::: Recorded information

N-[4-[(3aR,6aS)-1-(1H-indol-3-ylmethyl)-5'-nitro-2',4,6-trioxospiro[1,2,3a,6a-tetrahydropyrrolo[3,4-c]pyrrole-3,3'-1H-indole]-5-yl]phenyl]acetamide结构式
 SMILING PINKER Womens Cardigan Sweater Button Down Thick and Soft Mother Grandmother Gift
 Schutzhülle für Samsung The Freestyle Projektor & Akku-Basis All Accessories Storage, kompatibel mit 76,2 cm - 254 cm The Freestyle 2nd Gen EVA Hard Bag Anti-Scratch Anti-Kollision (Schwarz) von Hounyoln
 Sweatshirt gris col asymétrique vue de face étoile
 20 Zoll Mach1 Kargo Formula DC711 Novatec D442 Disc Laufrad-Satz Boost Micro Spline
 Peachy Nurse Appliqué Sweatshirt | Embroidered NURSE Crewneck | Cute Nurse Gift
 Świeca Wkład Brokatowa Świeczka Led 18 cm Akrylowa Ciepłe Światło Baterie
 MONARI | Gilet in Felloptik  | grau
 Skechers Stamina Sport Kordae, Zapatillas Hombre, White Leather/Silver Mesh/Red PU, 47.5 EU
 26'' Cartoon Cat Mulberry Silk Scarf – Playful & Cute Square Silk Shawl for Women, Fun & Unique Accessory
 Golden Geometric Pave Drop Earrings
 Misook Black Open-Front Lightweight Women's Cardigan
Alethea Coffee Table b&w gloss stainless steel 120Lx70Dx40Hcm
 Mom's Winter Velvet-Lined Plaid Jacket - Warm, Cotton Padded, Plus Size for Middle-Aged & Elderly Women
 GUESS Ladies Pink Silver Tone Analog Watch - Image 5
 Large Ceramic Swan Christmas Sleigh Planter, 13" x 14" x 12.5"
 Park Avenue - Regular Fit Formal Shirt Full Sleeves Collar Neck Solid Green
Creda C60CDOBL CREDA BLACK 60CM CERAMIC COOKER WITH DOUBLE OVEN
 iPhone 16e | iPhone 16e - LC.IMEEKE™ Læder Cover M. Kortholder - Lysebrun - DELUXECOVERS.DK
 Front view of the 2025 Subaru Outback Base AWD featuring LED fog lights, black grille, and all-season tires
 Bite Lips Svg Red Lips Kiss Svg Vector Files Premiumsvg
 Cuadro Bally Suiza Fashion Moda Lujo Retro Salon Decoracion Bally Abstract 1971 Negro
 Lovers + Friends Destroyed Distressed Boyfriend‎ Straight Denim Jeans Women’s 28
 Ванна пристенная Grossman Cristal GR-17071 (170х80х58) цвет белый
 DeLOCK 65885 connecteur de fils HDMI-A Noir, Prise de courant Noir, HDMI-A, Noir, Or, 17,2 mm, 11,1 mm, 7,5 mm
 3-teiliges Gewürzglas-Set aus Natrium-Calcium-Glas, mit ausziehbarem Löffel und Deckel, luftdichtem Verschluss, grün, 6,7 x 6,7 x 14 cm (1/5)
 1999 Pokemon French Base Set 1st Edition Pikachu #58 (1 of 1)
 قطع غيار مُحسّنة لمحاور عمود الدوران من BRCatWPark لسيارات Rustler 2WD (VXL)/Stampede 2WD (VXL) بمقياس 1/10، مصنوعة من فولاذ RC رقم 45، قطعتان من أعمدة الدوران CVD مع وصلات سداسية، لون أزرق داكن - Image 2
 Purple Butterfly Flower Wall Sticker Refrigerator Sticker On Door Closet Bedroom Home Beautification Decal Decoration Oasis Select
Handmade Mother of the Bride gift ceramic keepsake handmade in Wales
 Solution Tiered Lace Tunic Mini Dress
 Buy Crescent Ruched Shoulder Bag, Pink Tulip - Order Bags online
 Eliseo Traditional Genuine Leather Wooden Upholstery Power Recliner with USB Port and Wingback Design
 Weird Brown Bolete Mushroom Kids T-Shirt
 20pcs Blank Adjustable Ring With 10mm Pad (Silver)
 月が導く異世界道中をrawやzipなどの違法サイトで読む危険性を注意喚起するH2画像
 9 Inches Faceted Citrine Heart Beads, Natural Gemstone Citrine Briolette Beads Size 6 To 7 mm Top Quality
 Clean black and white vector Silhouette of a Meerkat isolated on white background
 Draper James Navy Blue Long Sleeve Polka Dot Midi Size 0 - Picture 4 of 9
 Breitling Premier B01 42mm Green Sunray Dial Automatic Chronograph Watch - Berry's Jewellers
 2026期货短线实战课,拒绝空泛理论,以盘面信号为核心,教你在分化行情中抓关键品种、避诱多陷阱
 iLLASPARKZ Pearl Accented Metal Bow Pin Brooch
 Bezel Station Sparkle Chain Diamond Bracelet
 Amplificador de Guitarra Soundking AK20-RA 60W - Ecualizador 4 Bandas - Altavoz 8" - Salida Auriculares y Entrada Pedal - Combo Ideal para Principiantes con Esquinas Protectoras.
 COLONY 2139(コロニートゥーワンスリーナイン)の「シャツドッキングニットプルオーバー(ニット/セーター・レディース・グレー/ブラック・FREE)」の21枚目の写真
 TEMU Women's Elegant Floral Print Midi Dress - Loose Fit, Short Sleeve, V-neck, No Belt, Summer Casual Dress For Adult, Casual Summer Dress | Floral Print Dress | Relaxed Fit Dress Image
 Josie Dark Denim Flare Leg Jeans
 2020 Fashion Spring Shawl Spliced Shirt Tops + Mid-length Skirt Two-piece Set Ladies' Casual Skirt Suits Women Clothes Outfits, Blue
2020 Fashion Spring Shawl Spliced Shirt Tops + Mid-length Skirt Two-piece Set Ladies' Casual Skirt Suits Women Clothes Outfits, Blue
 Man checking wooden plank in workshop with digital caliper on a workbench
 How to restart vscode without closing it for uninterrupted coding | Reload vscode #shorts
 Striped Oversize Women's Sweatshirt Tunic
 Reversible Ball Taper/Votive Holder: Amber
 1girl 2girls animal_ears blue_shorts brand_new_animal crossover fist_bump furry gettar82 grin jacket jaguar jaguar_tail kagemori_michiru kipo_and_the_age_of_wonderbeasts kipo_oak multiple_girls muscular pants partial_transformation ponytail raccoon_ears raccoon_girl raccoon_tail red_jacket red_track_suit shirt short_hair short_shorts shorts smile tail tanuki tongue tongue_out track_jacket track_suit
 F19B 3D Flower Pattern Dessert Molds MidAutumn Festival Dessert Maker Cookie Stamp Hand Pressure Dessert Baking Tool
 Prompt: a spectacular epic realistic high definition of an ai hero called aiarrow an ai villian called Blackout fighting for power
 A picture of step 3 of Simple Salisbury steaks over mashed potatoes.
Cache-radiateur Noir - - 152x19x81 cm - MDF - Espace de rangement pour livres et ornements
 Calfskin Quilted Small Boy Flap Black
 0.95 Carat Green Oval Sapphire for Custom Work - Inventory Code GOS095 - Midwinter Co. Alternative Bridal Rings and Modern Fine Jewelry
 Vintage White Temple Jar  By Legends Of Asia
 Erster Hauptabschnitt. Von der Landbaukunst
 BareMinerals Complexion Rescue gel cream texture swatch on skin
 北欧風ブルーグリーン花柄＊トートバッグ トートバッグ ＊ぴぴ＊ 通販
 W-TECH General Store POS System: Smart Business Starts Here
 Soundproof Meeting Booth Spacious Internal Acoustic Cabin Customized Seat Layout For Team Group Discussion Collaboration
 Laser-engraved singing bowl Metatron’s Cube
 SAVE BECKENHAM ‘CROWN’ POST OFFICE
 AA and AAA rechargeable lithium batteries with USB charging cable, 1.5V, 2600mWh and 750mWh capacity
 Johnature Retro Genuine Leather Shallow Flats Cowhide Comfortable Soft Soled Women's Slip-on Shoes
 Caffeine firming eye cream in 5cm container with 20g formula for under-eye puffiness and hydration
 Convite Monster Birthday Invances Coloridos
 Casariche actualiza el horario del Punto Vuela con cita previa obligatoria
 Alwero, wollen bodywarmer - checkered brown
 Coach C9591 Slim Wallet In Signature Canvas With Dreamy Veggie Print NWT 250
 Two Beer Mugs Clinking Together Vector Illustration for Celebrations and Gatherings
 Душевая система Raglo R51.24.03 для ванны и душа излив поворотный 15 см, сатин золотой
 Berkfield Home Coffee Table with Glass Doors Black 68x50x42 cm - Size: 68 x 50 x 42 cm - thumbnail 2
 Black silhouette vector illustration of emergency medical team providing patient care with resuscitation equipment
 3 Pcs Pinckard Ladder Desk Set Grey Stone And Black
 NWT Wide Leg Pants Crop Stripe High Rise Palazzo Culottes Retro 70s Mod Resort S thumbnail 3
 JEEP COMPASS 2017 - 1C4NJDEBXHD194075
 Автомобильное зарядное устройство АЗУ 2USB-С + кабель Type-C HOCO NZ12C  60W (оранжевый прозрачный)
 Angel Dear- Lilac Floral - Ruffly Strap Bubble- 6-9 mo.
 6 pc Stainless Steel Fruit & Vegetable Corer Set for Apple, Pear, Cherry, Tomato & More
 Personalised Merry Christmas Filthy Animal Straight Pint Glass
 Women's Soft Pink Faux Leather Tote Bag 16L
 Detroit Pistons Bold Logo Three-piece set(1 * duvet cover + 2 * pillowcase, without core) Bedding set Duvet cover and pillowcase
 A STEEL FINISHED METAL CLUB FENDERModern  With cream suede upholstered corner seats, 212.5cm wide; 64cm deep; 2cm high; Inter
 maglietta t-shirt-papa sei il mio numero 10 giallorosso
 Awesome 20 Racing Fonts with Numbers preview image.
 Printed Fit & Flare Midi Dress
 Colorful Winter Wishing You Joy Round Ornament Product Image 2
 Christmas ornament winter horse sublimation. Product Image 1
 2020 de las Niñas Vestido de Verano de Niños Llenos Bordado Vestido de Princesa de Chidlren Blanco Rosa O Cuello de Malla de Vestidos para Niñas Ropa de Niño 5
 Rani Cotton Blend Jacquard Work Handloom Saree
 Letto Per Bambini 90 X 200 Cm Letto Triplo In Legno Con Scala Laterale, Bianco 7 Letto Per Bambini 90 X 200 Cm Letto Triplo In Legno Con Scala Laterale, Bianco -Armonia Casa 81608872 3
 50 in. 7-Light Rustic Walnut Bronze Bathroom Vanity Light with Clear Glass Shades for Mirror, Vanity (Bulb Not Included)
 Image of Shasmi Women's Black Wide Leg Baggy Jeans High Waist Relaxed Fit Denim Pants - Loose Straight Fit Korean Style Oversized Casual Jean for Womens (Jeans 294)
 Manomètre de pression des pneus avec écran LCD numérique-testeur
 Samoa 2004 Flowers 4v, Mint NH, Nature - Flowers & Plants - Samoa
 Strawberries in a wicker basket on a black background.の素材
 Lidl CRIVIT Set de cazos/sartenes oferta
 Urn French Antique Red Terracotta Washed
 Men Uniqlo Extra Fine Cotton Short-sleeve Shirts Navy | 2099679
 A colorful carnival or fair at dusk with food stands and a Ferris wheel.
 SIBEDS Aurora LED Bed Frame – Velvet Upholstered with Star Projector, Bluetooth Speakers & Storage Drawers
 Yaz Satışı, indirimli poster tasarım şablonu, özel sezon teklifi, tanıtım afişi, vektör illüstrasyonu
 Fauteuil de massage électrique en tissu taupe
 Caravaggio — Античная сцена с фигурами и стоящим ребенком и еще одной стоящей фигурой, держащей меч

::::::

▸ **Your goal**:
Each line above that has the word "piece" must be copied.

▸ **Solution to this exercise**:
 2020 Fashion Spring Shawl Spliced Shirt Tops + Mid-length Skirt Two-piece Set Ladies' Casual Skirt Suits Women Clothes Outfits, Blue
2020 Fashion Spring Shawl Spliced Shirt Tops + Mid-length Skirt Two-piece Set Ladies' Casual Skirt Suits Women Clothes Outfits, Blue
 Detroit Pistons Bold Logo Three-piece set(1 * duvet cover + 2 * pillowcase, without core) Bedding set Duvet cover and pillowcase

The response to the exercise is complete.